Just go around to any of the marinas that have inside storage. You will find every type and style of Lake Erie boat for sale. It's a great way to get a first hand look at them and a great way to get a great price on one. A lot of the boats are seldom used and the owners are eager to sell!
And especially pay close attention to Popspastime's suggestions on safety! Lake Erie is not to be taken lightly!


----------



## Lake Boat (Aug 21, 2013)

Buy now.If your not buying new.Lots of deals out there.People don't want to pay for storage or a boat payment all winter.Prices go up in spring.Have fun and good luck.


----------



## sherman51 (Apr 12, 2011)

Lake Boat said:


> Buy now.If your not buying new.Lots of deals out there.People don't want to pay for storage or a boat payment all winter.Prices go up in spring.Have fun and good luck.
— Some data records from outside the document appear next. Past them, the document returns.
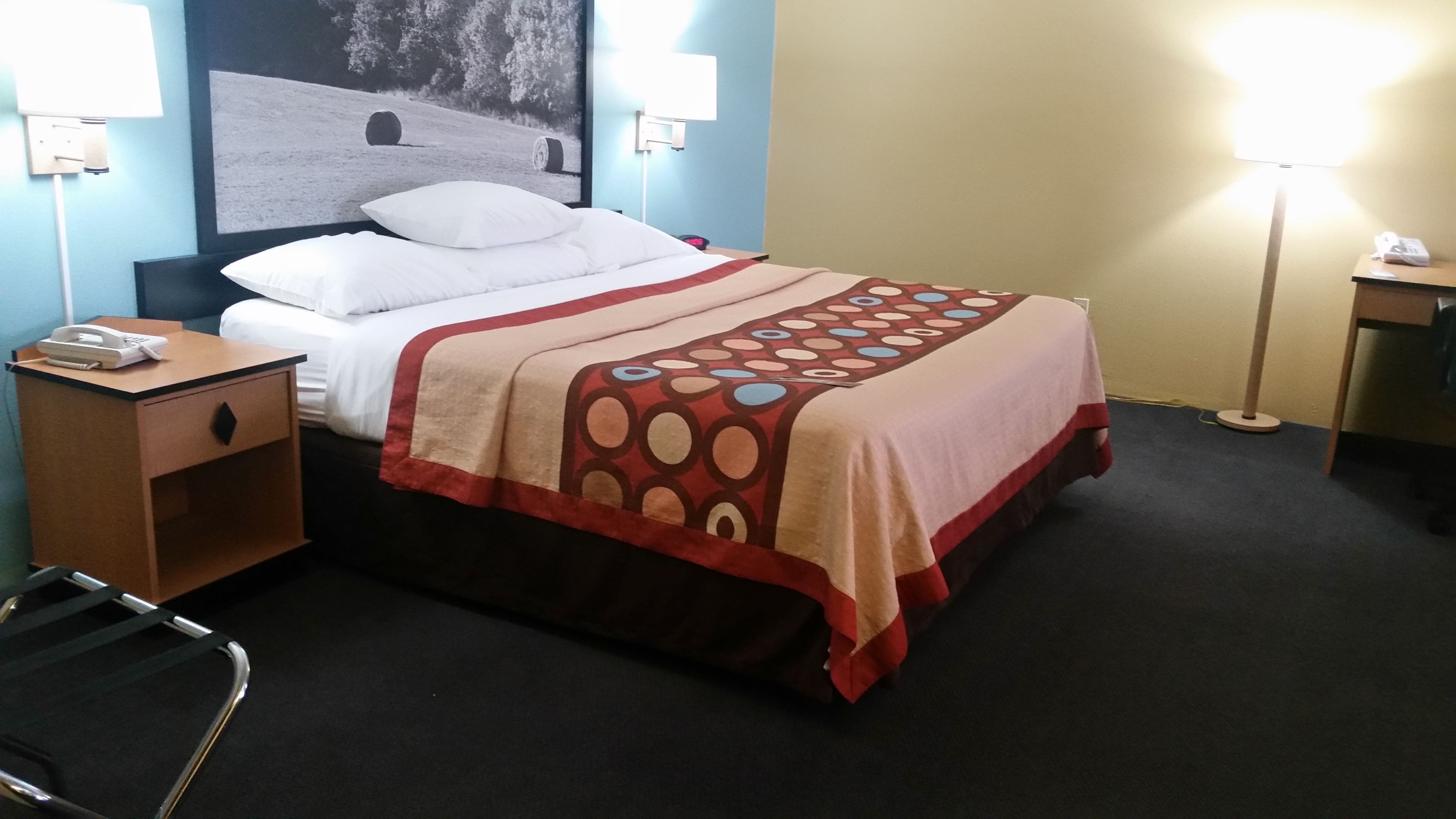 A hotel room with a bed, a bedside table with a phone, a chair, and a lamp.
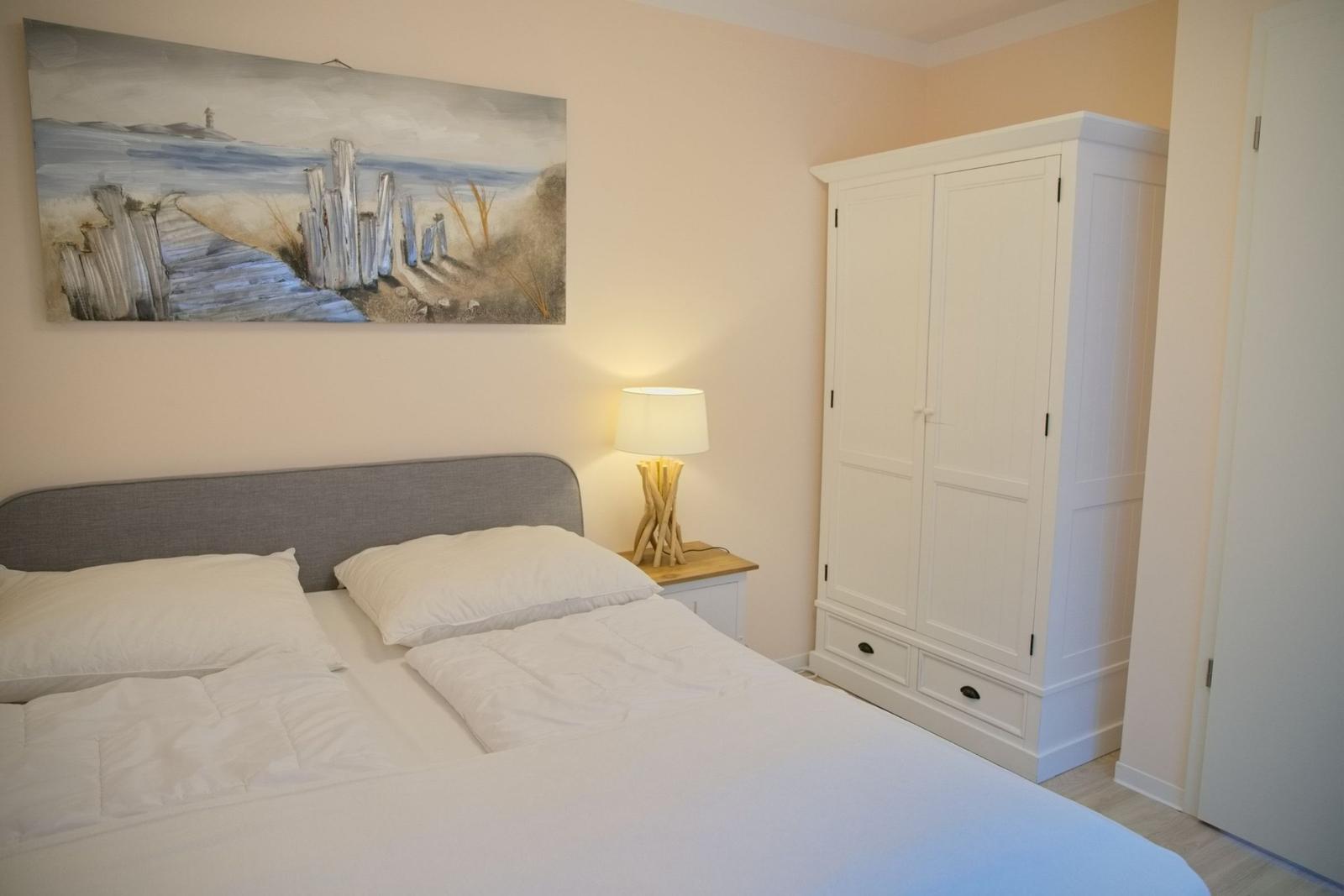Schlafzimmer mit Bett, Kleiderschrank und Wandbild.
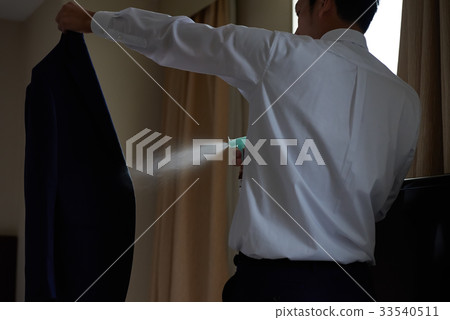 Businessman using a deodorant spray Businessman using a deodorant spray 33540511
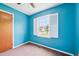 Bright bedroom featuring blue walls, a window with white shutters, and a ceiling fan at 102 Pine St, Dunn, NC 28334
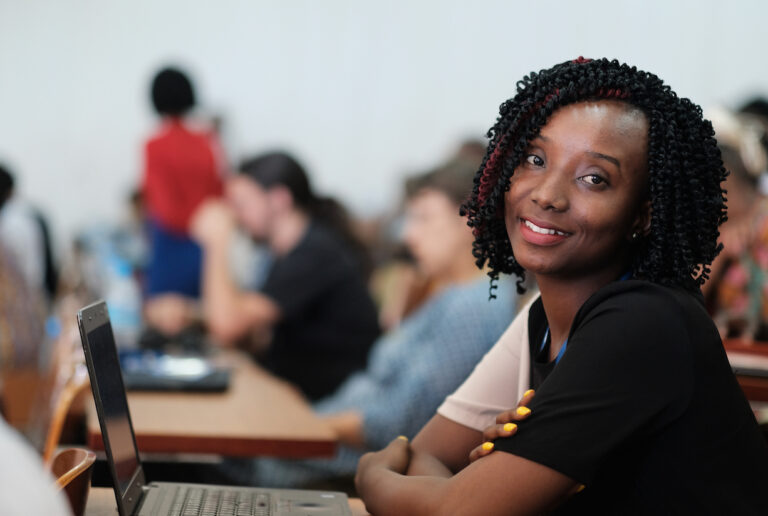 a woman smiling at camera, sitting at a desk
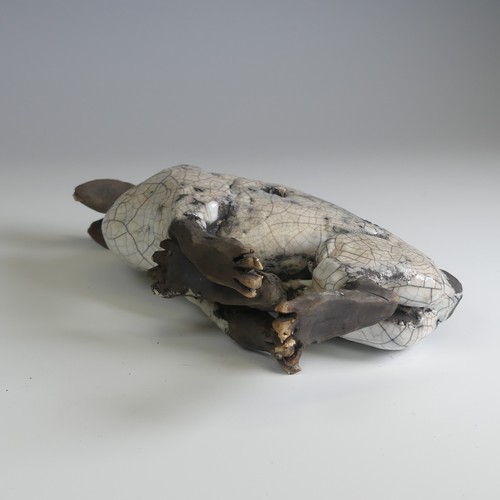 369 - Lawson E. Rudge (b. 1936), a raku fired studio pottery sculpture of a Hare, wall hanging, W 26cm.... 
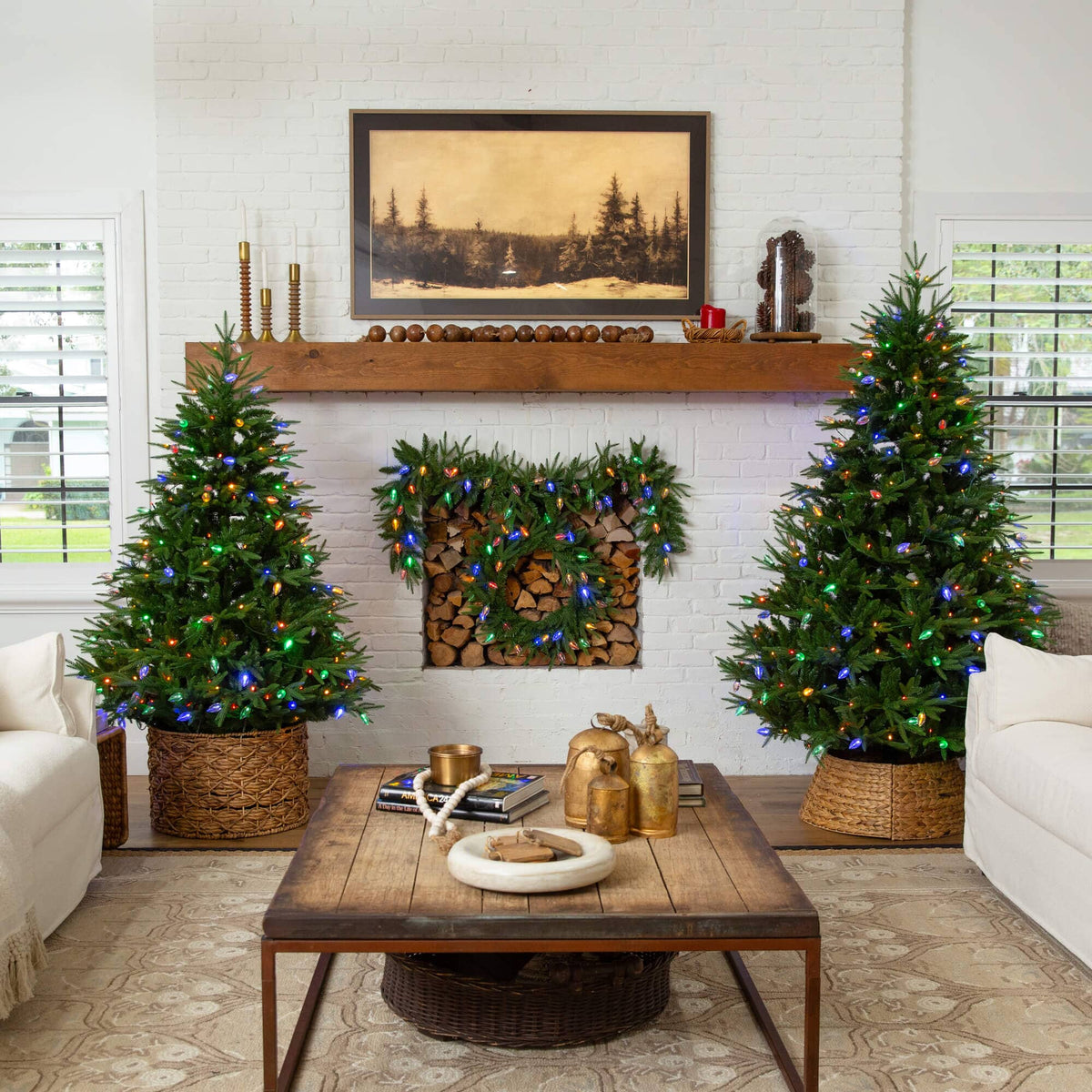 a living room with christmas trees and a fireplace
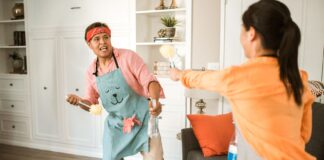 Couple cleaning their home together while sharing household chores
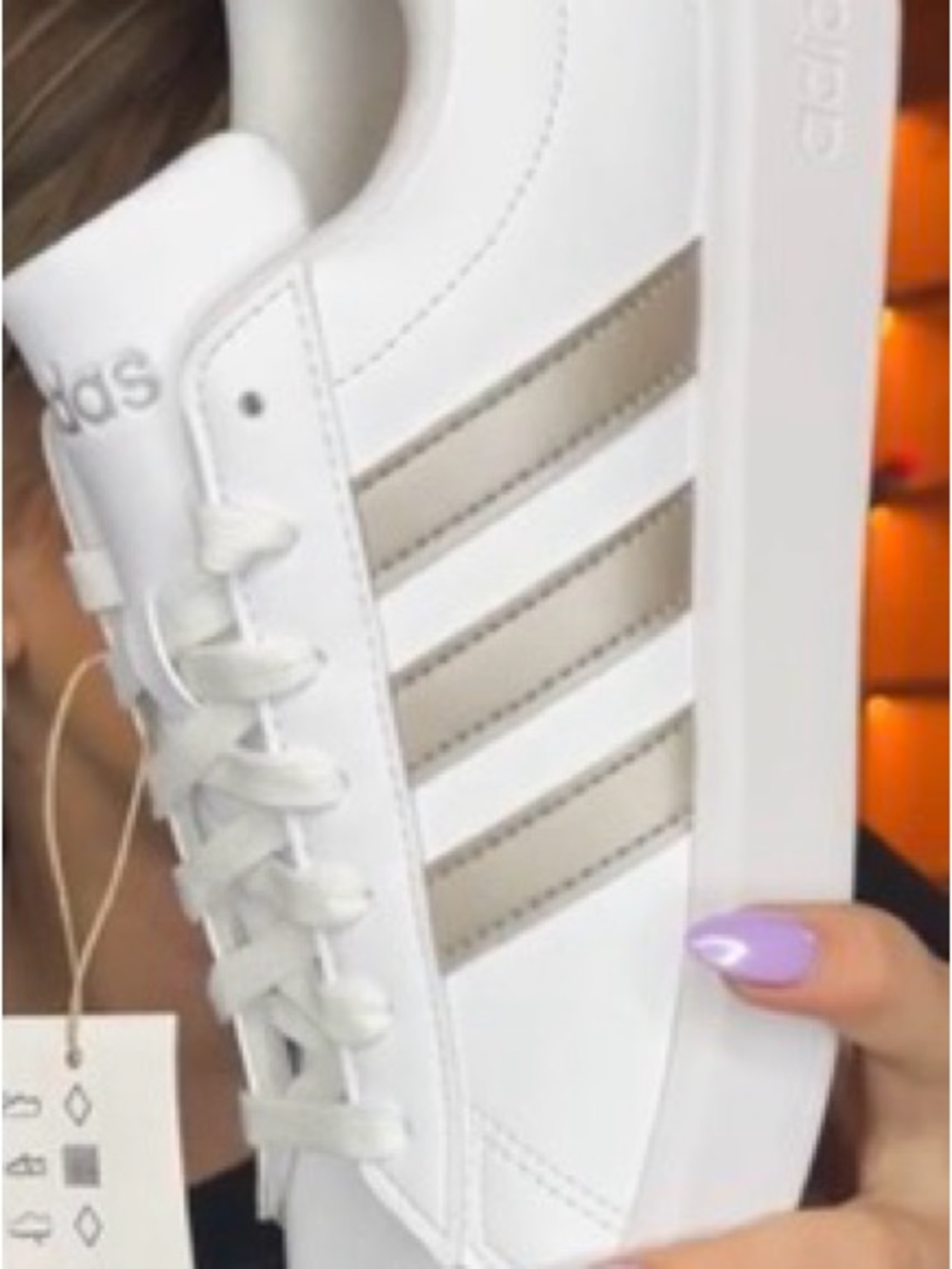 adidas White Sneakers with Metallic Gold Stripe Accents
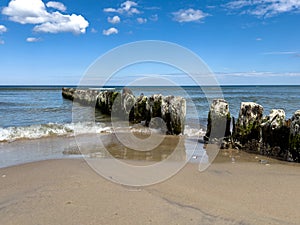 Groyne on the beach on the Polish Baltic Sea coast photo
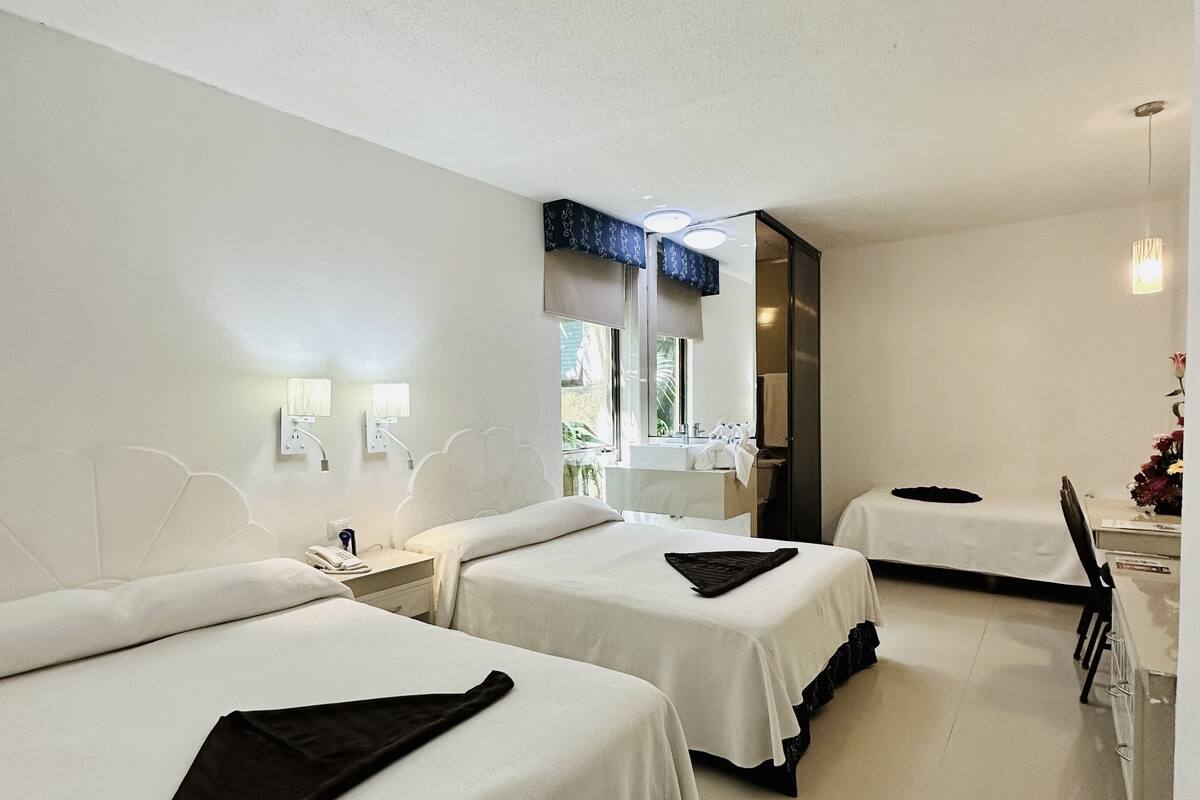 A hotel room with two beds, a desk, and a chair.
if you do buy used now make sure you water test the boat even if you have to winterize it after use. I bought the boat I have now in late winter and wasn't able to water test. it sounded good and seemed to run good on muffs. but later when I got it on the water it wouldn't even plane off. and after it warmed up it didn't run so good. I had to put a new motor in the boat.

I have what is for me the perfect lake erie boat. its a 21' cobia open bow with a 350 vortec engine. its big enough to handle as rough of water that I care to fish but still small enough for tubing. it trailers great for traveling to erie or to Brookville lake. I've had a 22' cabin crusier and a 28' cuddy. and I just like the open bow for an all around boat. but different people like boats with a cabin. they are nice if your only going to use the boat for erie. I liked the 28' boat I had but I went to big. it was a 28' long 10' wide with twin 4.3 motors. but I had to get permits to tow the boat both here and in ohio. and it just wasn't worth the hassle. so if you buy a bigger boat and want to trailer it don't go past 8 1/2' wide.
sherman


----------